═══ ENTRIES PROVIDED

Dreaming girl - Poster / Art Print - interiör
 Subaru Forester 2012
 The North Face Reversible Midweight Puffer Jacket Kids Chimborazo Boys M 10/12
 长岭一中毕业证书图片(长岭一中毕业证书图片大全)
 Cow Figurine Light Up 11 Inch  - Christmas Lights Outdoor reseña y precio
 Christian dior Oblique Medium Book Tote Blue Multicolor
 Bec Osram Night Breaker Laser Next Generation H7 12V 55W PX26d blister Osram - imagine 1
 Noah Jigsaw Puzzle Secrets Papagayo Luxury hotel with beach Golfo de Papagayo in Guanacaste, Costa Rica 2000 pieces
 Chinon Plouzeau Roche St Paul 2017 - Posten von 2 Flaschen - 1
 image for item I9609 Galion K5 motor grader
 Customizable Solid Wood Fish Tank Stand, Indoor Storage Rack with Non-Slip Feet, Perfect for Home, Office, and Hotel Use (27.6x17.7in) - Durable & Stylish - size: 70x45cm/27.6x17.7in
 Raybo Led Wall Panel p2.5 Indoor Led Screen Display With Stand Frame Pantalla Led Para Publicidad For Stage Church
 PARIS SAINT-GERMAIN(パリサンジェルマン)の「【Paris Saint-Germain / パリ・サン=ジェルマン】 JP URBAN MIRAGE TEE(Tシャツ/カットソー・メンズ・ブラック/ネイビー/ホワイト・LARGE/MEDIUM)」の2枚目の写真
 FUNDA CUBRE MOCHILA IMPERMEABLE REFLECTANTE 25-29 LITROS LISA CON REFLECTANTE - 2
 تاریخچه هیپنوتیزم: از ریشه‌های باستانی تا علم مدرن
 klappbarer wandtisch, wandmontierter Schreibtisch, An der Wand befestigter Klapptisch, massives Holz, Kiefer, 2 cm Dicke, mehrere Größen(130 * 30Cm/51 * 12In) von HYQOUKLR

══════

WORK REQUIRED:
Nothing in the data may be left out; copy every line exactly.

COMPLETED TASK:
Dreaming girl - Poster / Art Print - interiör
 Subaru Forester 2012
 The North Face Reversible Midweight Puffer Jacket Kids Chimborazo Boys M 10/12
 长岭一中毕业证书图片(长岭一中毕业证书图片大全)
 Cow Figurine Light Up 11 Inch  - Christmas Lights Outdoor reseña y precio
 Christian dior Oblique Medium Book Tote Blue Multicolor
 Bec Osram Night Breaker Laser Next Generation H7 12V 55W PX26d blister Osram - imagine 1
 Noah Jigsaw Puzzle Secrets Papagayo Luxury hotel with beach Golfo de Papagayo in Guanacaste, Costa Rica 2000 pieces
 Chinon Plouzeau Roche St Paul 2017 - Posten von 2 Flaschen - 1
 image for item I9609 Galion K5 motor grader
 Customizable Solid Wood Fish Tank Stand, Indoor Storage Rack with Non-Slip Feet, Perfect for Home, Office, and Hotel Use (27.6x17.7in) - Durable & Stylish - size: 70x45cm/27.6x17.7in
 Raybo Led Wall Panel p2.5 Indoor Led Screen Display With Stand Frame Pantalla Led Para Publicidad For Stage Church
 PARIS SAINT-GERMAIN(パリサンジェルマン)の「【Paris Saint-Germain / パリ・サン=ジェルマン】 JP URBAN MIRAGE TEE(Tシャツ/カットソー・メンズ・ブラック/ネイビー/ホワイト・LARGE/MEDIUM)」の2枚目の写真
 FUNDA CUBRE MOCHILA IMPERMEABLE REFLECTANTE 25-29 LITROS LISA CON REFLECTANTE - 2
 تاریخچه هیپنوتیزم: از ریشه‌های باستانی تا علم مدرن
 klappbarer wandtisch, wandmontierter Schreibtisch, An der Wand befestigter Klapptisch, massives Holz, Kiefer, 2 cm Dicke, mehrere Größen(130 * 30Cm/51 * 12In) von HYQOUKLR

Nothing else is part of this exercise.